Toda cultura opera assim uma divisão entre ela mesma, que se afirma como representação por excelência do humano, e os outros, que participam da humanidade apenas em grau menor. O discurso que as sociedades primitivas fazem sobre si mesmas, discurso condensado nos nomes que elas se dão, é, portanto etnocêntrico de uma ponta á outra: afirmação da superioridade de sua existência cultural, recusa de reconhecer os outros como iguais. O etnocentrismo aparece então como a coisa do mundo mais bem distribuída e, desse ponto de vista pelo menos, a cultura do Ocidente não se distingue das outras. Convém mesmo, aprofundando um pouco mais a análise, pensar o etnocentrismo como uma propriedade formal de toda formação cultural, como imanente à própria cultura. Pertence à essência da cultura ser etnocêntrica, na medida exata em que toda cultura se considera como a cultura por excelência. Em outras palavras, a alteridade cultural nunca é apreendida como diferença positiva, mas sempre como inferioridade segundo um eixo hierárquico” (Clastres, 2004:85-86).

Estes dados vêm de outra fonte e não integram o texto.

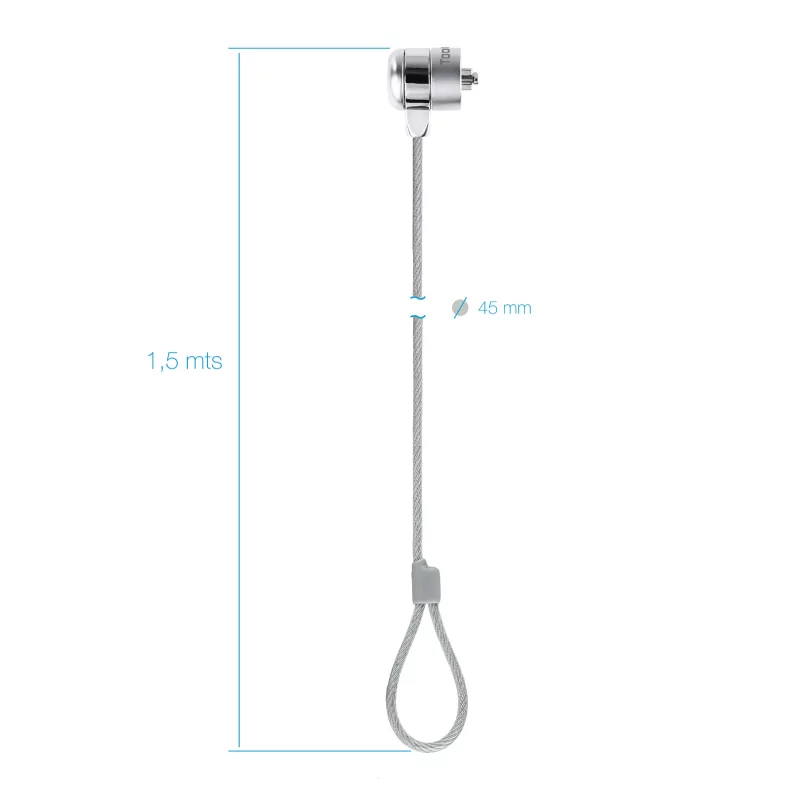 Kontrolsat - TooQ Universal Security Cable with Key - 1.5M - White - TQCLKC0025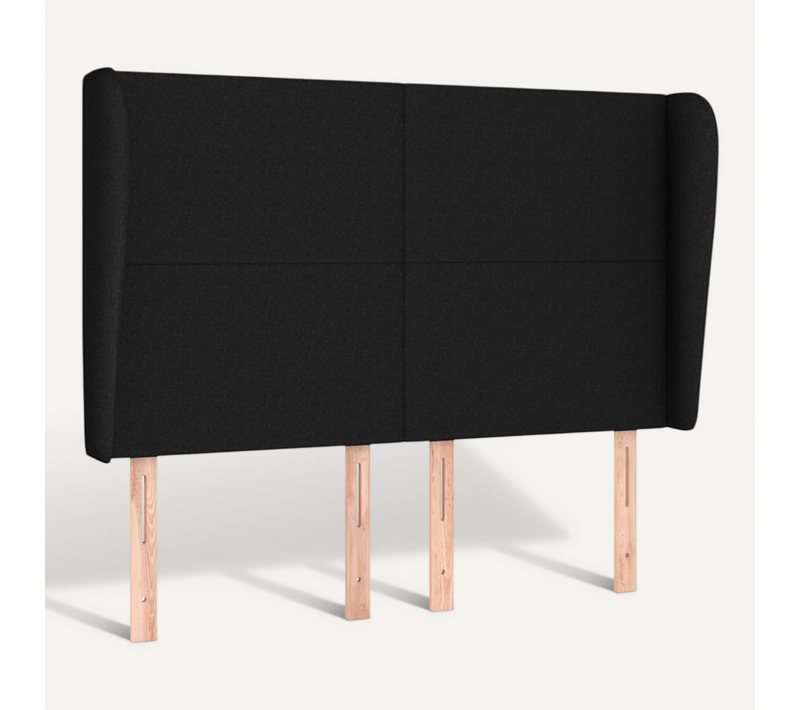 Tête De Lit Avec Oreilles Noir 147x23x118/128 Cm Tissu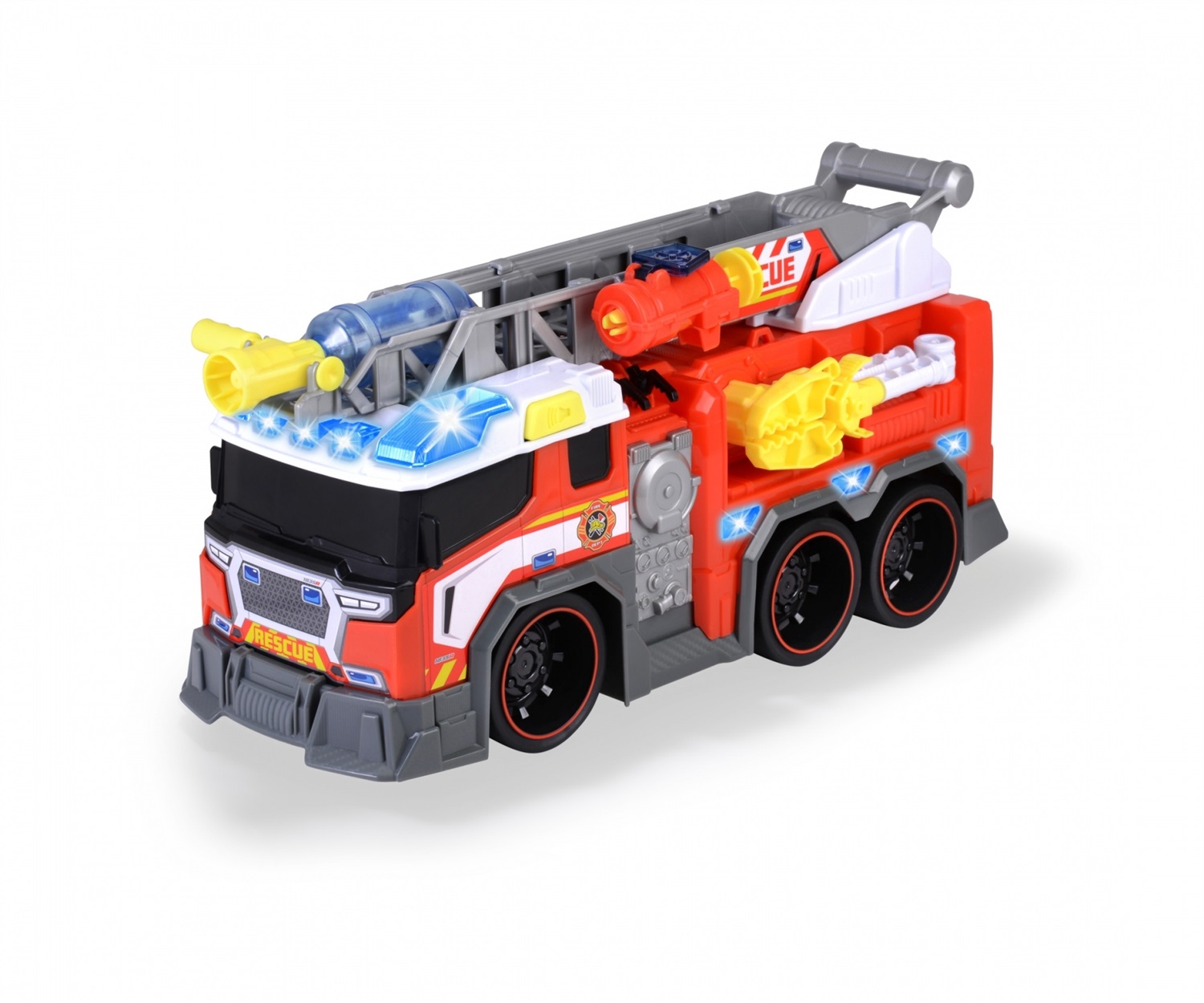 Dickie Toys Camion dei Pompieri 203307000 - 38 cm, con luci e suoni, sistema a ruota libera, funzione spruzza acqua, scala estensibile, per bambini dai 3 anni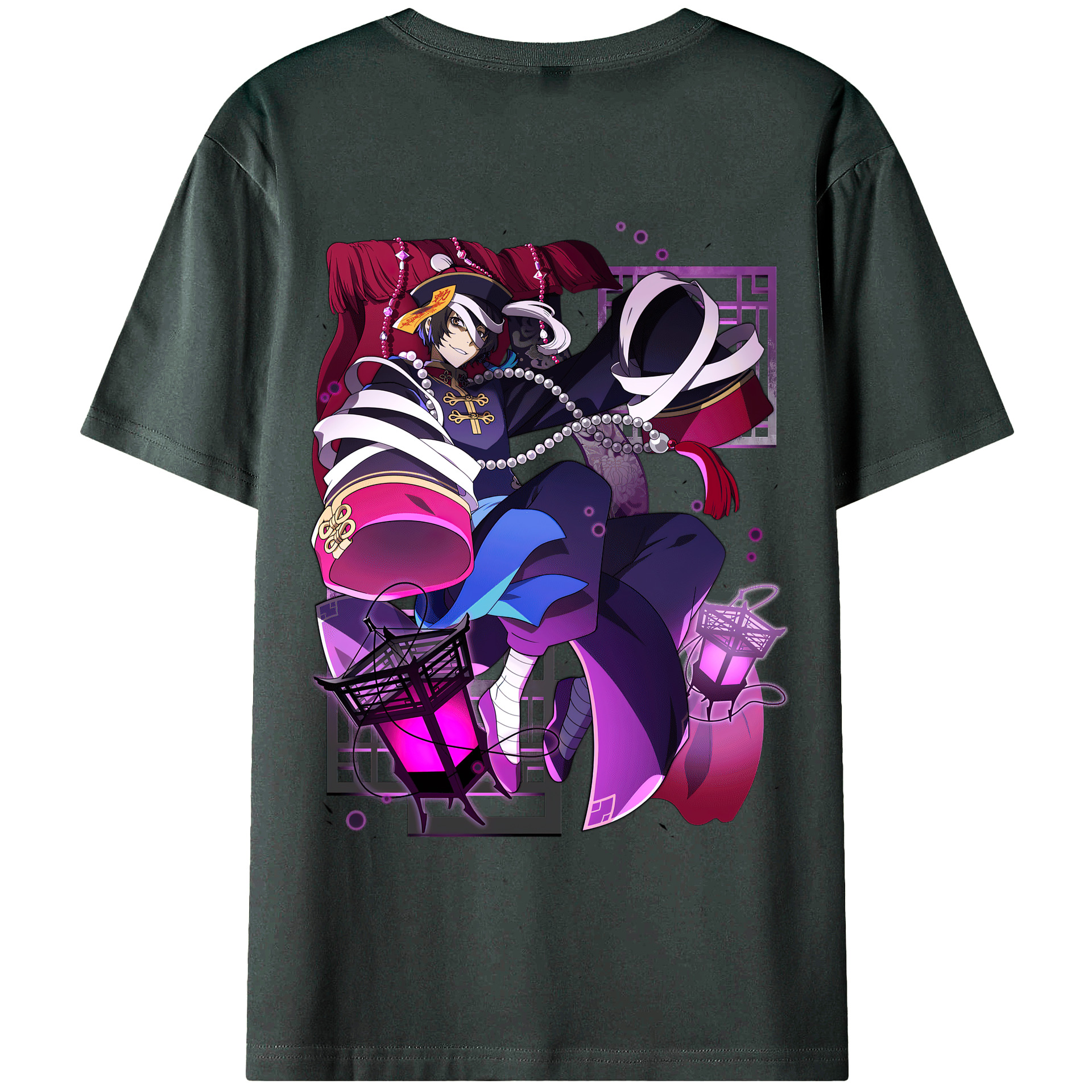（画像用） 文豪ストレイドッグス Bungo Stray Dogs 綿100％ メンズ半袖Tシャツ（バックプリント） 通気性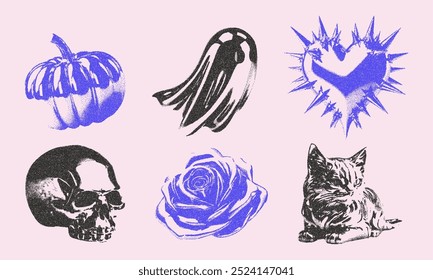 
Conjunto de Elementos de Halloween 3d con efecto de fotocopia retro. Los objetos futuristas son un gato, una calavera, un corazón, una rosa, en el estilo grunge utilizando metal. Vector.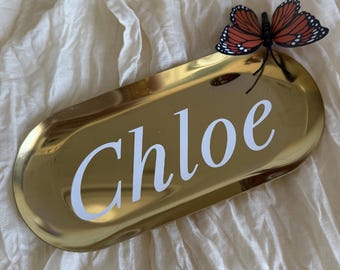Bandeja para joyas personalizada / Bandeja para baratijas personalizada / Bandeja para anillos con nombre / Regalo para damas de honor / Decoración de tocador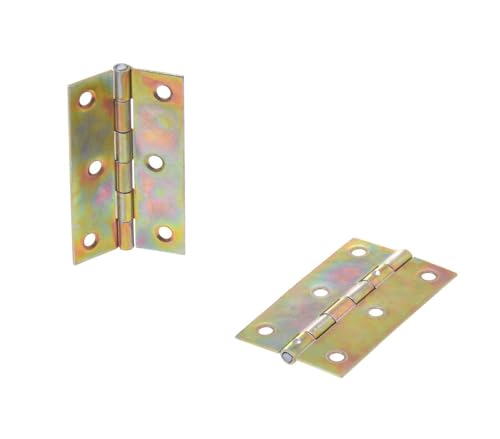 Aqbau® Kistenband Tischband Möbelscharniere Möbelband Verzinkt, Türband Kistenband Schrankscharniere - Möbelzubehör Stahl, Gerollte Scharniere Halbbreite (50 st, 70mm x 42mm) von Aqbau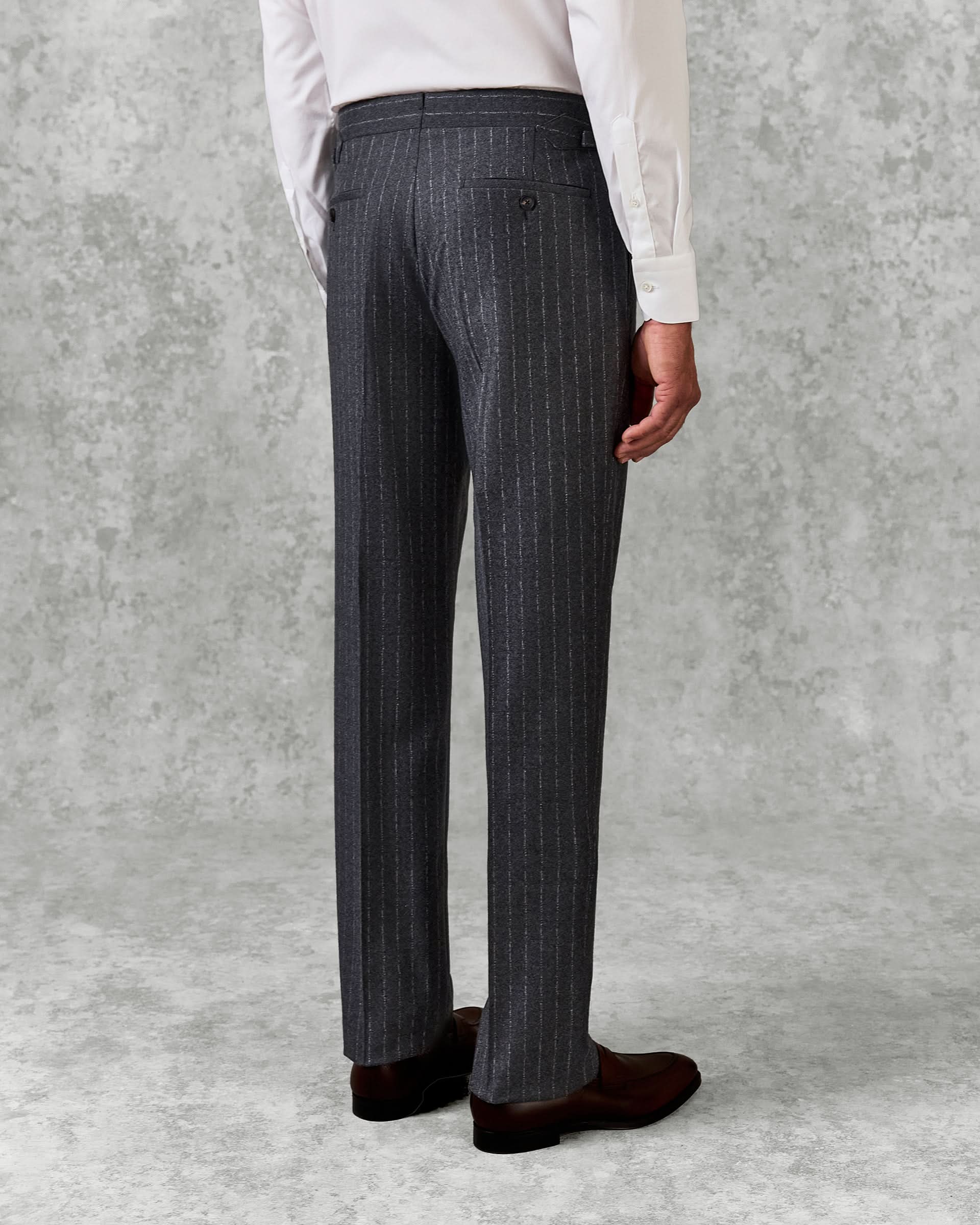 Gunn Virgin Wool Cashmere Suit Trouser Grey Morse Code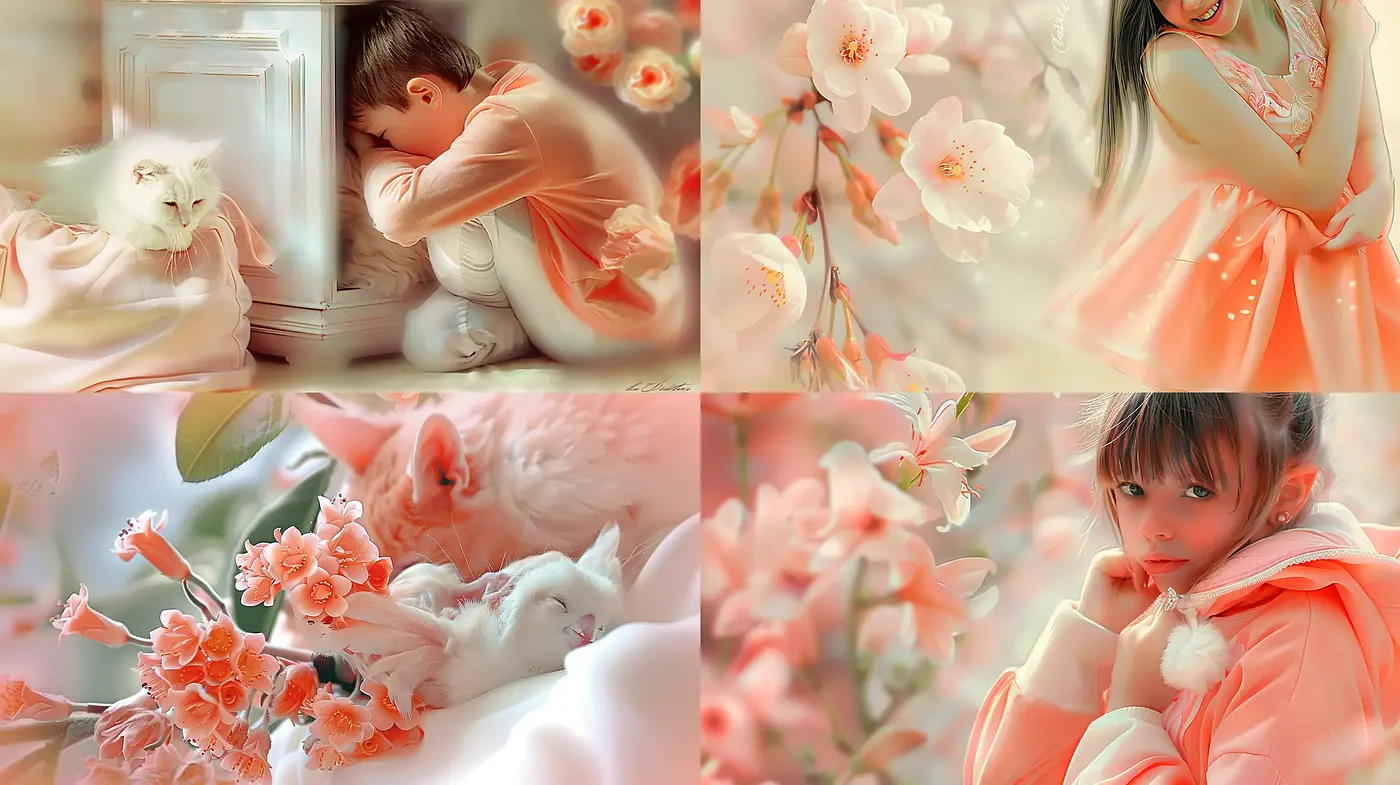Pastel Serenity in Spring: A Soft-Hued Dreamlike Artistic Journey - Midjourney sref style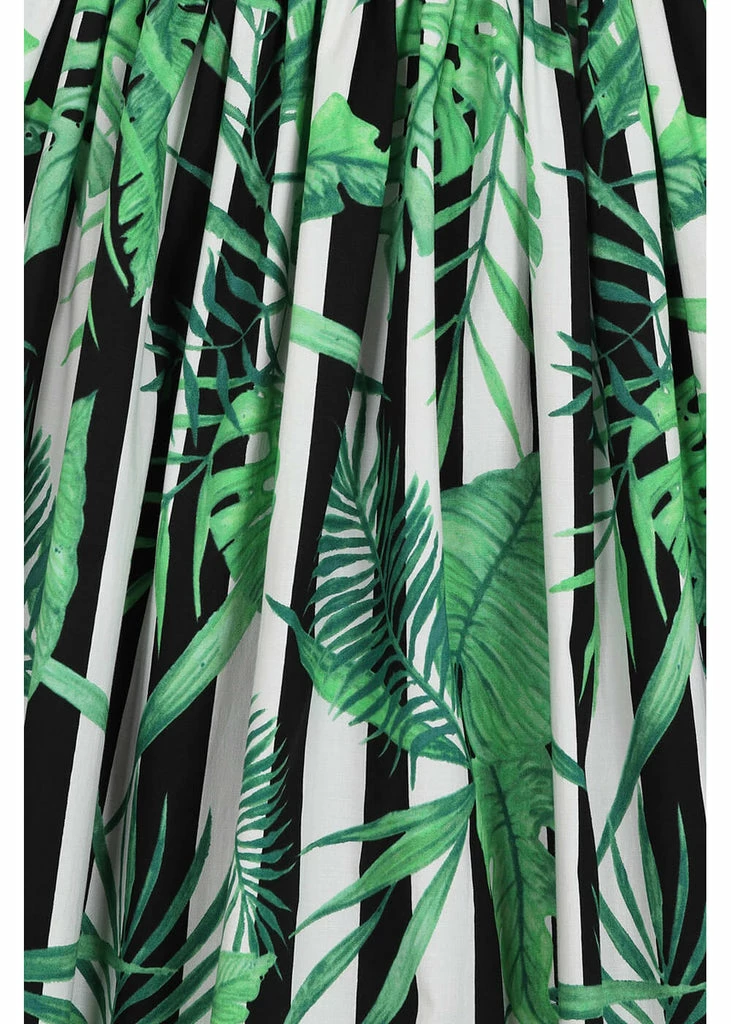 Hell Bunny Solana Leaves 50's Mid Swing Dress Black White - Image 3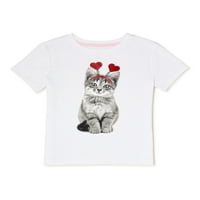 Kızların Sevgililer Günü Kedi Grafikli Tişört, 4- 18 Beden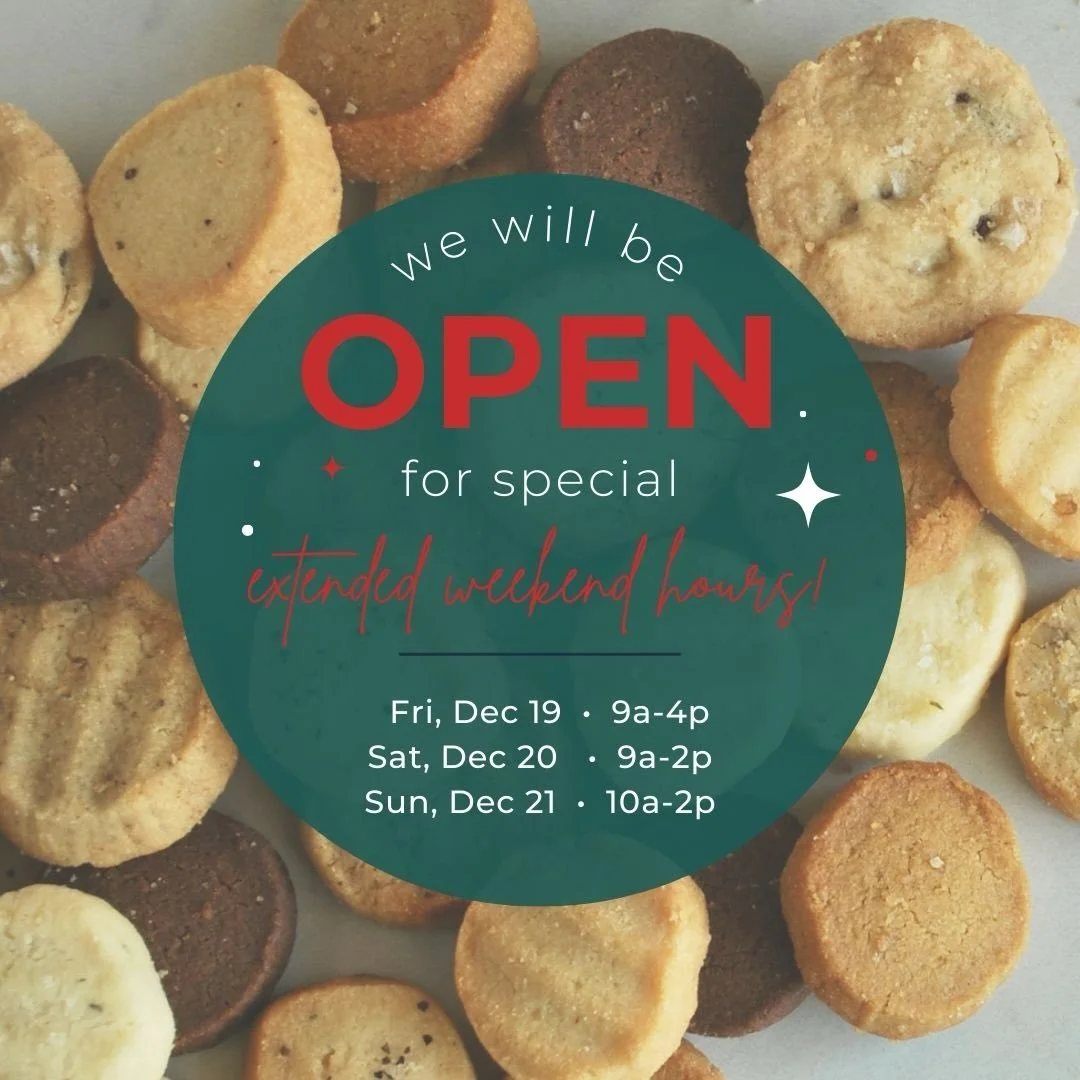 Come see us this weekend! We&rsquo;ll be here on Saturday AND Sunday for last minute bakes and gifting needs before we close for winter break! ❄️ ☃️🧣 
Cindy might even be setting up some crafts for anyone who feels like tapping into their creative s
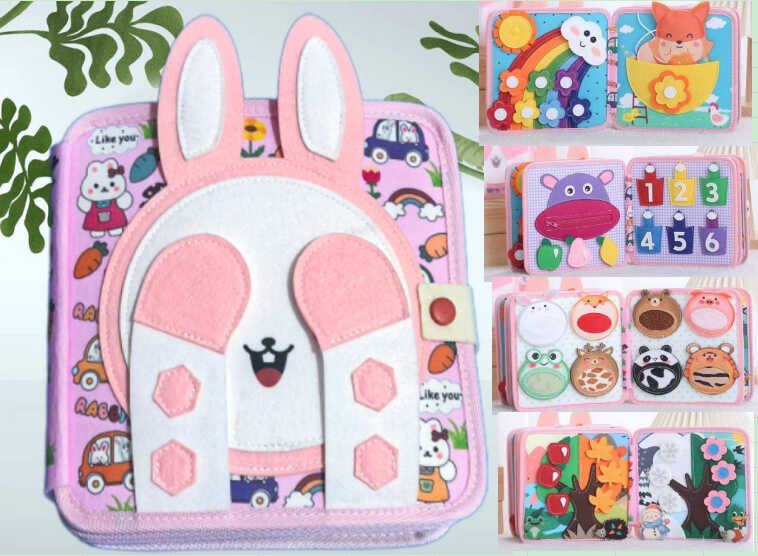 М`яка книжка-бізіборд C 74034 (45) фетр, пальчикові ігри, цифри, сортер по кольорах, пискавка, елементи на липучках та кнопках, в пакеті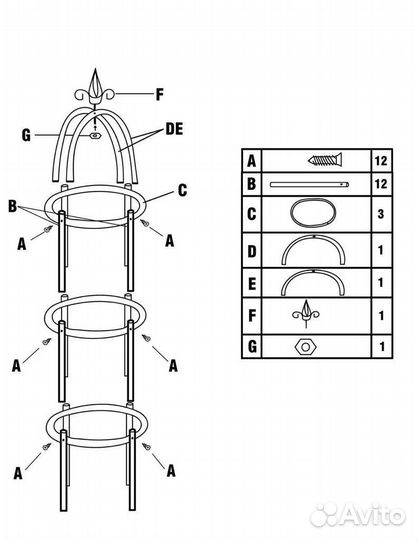 Опора для растений, цветов, роз металл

Desta forma é aceito que o etnocídio, “é a supressão das diferenças culturais julgadas inferiores e más”; é a aplicação de um princípio de identificação, de um projeto de redução do outro ao mesmo, como ocorre, por exemplo, com o índio amazônico suprimido como outro e reduzido ao tempo como cidadão brasileiro. Em outras palavras, o etnocídio resulta na dissolução do múltiplo no Um. O que significa agora o Estado? Ele é, por essência, o emprego de uma força centrípeta que tende, quando as circunstâncias o exigem, a esmagar as forças centrífugas inversas. O Estado se quer e se proclama o centro da sociedade, o todo do corpo social, o mestre absoluto dos diversos órgãos desse corpo. Descobre-se assim, no núcleo mesmo dessa substância do Estado, a força atuante do Um, a vocação de recusa do múltiplo, o temor e o horror da diferença. Nesse nível formal em que nos situamos atualmente, afirma P. Clastres, “constata-se que a prática etnocida e a máquina estatal funcionam da mesma maneira e produzem os mesmos efeitos: sob as espécies da civilização ocidental ou do Estado, revelam-se sempre a vontade de redução da diferença e da alteridade, o sentido e o gosto do idêntico e do Um”.

Mas o que justifica a presença de Joseph Ratzinger em meio a esta dramatis personae? As evidências que pesam sobre ele são estonteantes, fazendo com que até mesmo a Igreja Católica da Alemanha lamentasse a sua eleição para Papa em 2005. Ele representa o há de mais contraditório, cínico e perturbador na história dos papas. O seu envolvimento com a Juventude Hitlerista, assim como aconteceu com inúmeros outros jovens alemães, se deu em um momento de grande euforia do “populismo católico”. O cristianismo positivista apresentado nos discursos de Hitler despertou em muitos jovens da época um sentimento de nacionalidade, independência e fervor religioso jamais visto em toda a Europa. Joseph Ratzinger deixou os estudos e se juntou a agremiação por “acreditar que Hitler poderia reavivar o catolicismo, dar-lhe novos rumos e estabelecer um novo significado. Foi assim que ele se embrenhou no submundo do nazismo, defendendo com unhas e dentes o Terceiro Reich”.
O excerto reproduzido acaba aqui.